Now we need to account for the heteroscedasticity identified. For this, the simplest approach is a numerical
approximation i.e. a piecewise linear interpolation/extrapolation based on the binning results available through
the function xdem.spatialstats.interp_nd_binning()
. To ensure that only robust statistic values are used
in the interpolation, we set a min_count
value at 30 samples.
unscaled_dh_err_fun = xdem.spatialstats.interp_nd_binning(
df, list_var_names=["slope", "maxc"], statistic="nmad", min_count=30
)
The output is an interpolant function of slope and curvature that predicts the elevation error at any point.
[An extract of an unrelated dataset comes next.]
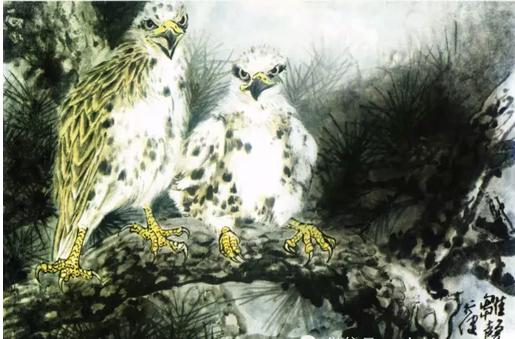 国画之鹰作品大全大图,国画大写意鹰图片大全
However, this predicted error might have a spread slightly off from that of the data:
We compare the spread of the elevation difference on stable terrain and the average predicted error:
dh_err_stable = unscaled_dh_err_fun((slope_arr, maxc_arr))
print(
"The spread of elevation difference is {:.2f} "
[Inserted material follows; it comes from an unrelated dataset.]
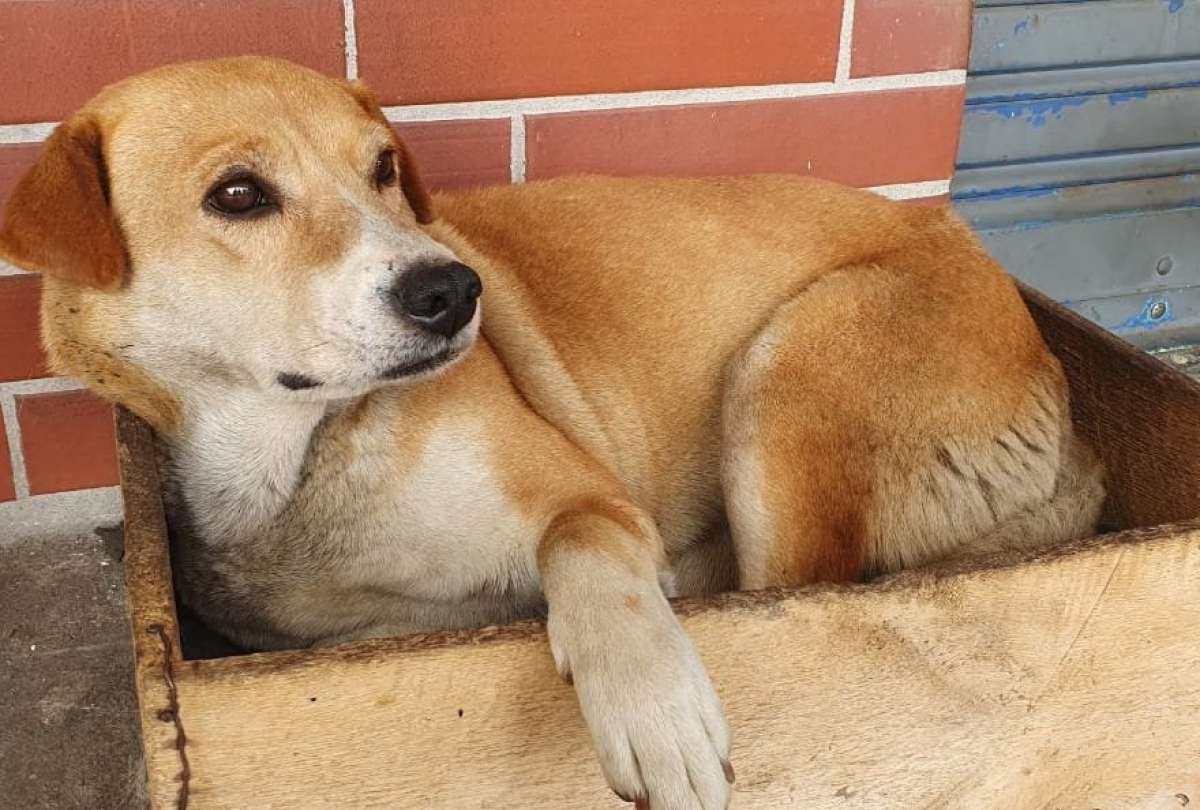 En Quito habrá una caminata solidaria por el bienestar animal, el domingo 08 de octubre de 2023.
"compared to a mean predicted elevation error of {:.2f}.".format(
xdem.spatialstats.nmad(dh_arr), np.nanmean(dh_err_stable)
)
)
The spread of elevation difference is 2.51 compared to a mean predicted elevation error of 2.57.
Thus, we rescale the function to exactly match the spread on stable terrain using the
xdem.spatialstats.two_step_standardization()
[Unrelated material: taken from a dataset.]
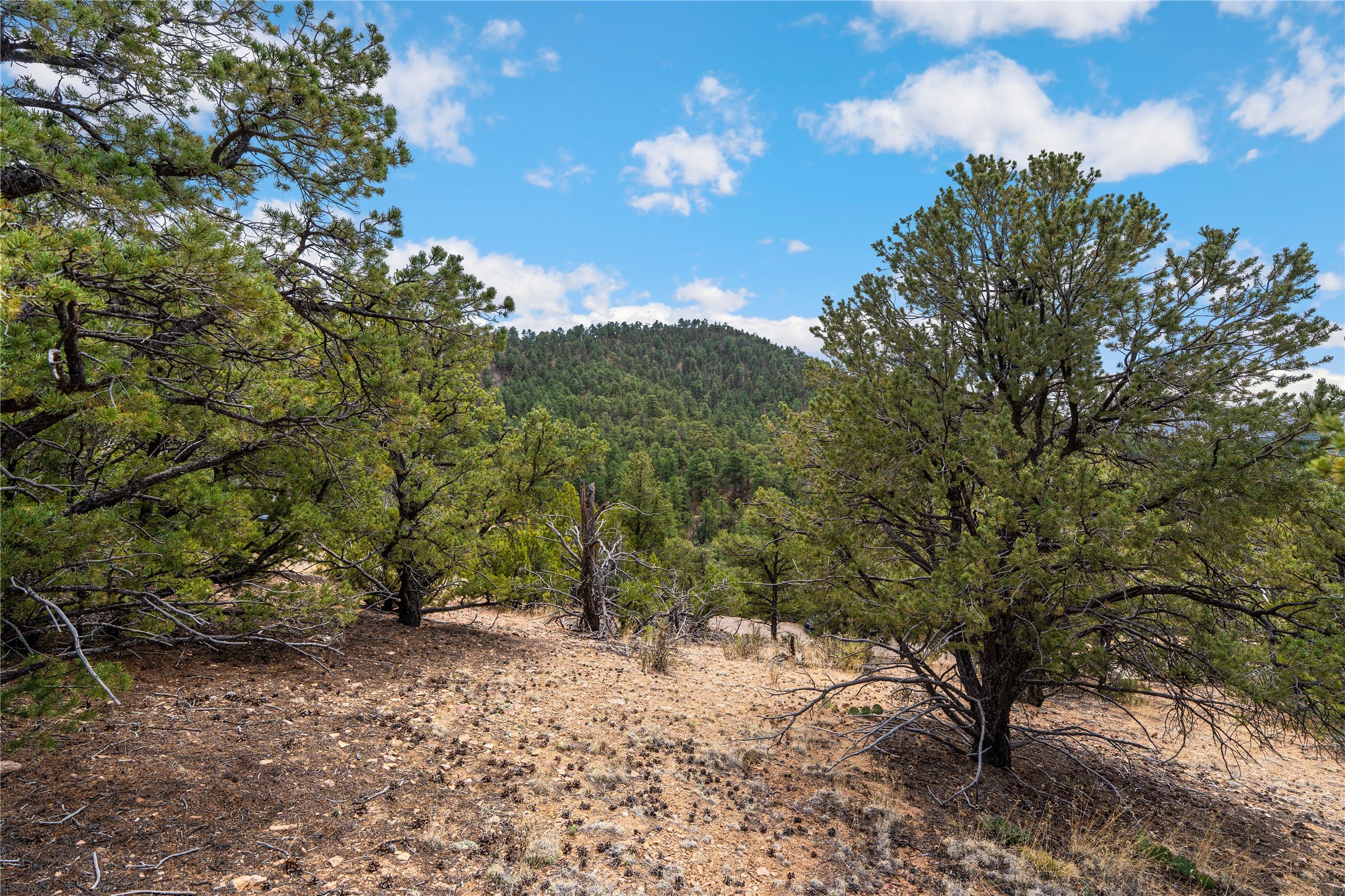 2567 Atalaya Hills Trail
function, and get our final error function.
zscores, dh_err_fun = xdem.spatialstats.two_step_standardization(
dh_arr, list_var=[slope_arr, maxc_arr], unscaled_error_fun=unscaled_dh_err_fun
)
for s, c in [(0.0, 0.1), (50.0, 0.1), (0.0, 20.0), (50.0, 20.0)]:
print(
"Elevation measurement error for slope of {:.0f} degrees, "
"curvature of {:.2f} m-1: {:.1f}".format(s, c / 100, dh_err_fun((s, c))) + " meters."
)
Elevation measurement error for slope of 0 degrees, curvature of 0.00 m-1: 2.1 meters.
Elevation measurement error for slope of 50 degrees, curvature of 0.00 m-1: 5.4 meters.
Elevation measurement error for slope of 0 degrees, curvature of 0.20 m-1: 8.3 meters.
Elevation measurement error for slope of 50 degrees, curvature of 0.20 m-1: 14.3 meters.
This function can be used to estimate the spatial distribution of the elevation error on the extent of our DEMs:
maxc = np.maximum(np.abs(profc), np.abs(planc))
errors = dh.copy(new_array=dh_err_fun((slope.data, maxc.data)))
errors.plot(cmap="Reds", vmin=2, vmax=8, cbar_title=r"Elevation error ($1\sigma$, m)")
Total running time of the script: (0 minutes 44.688 seconds)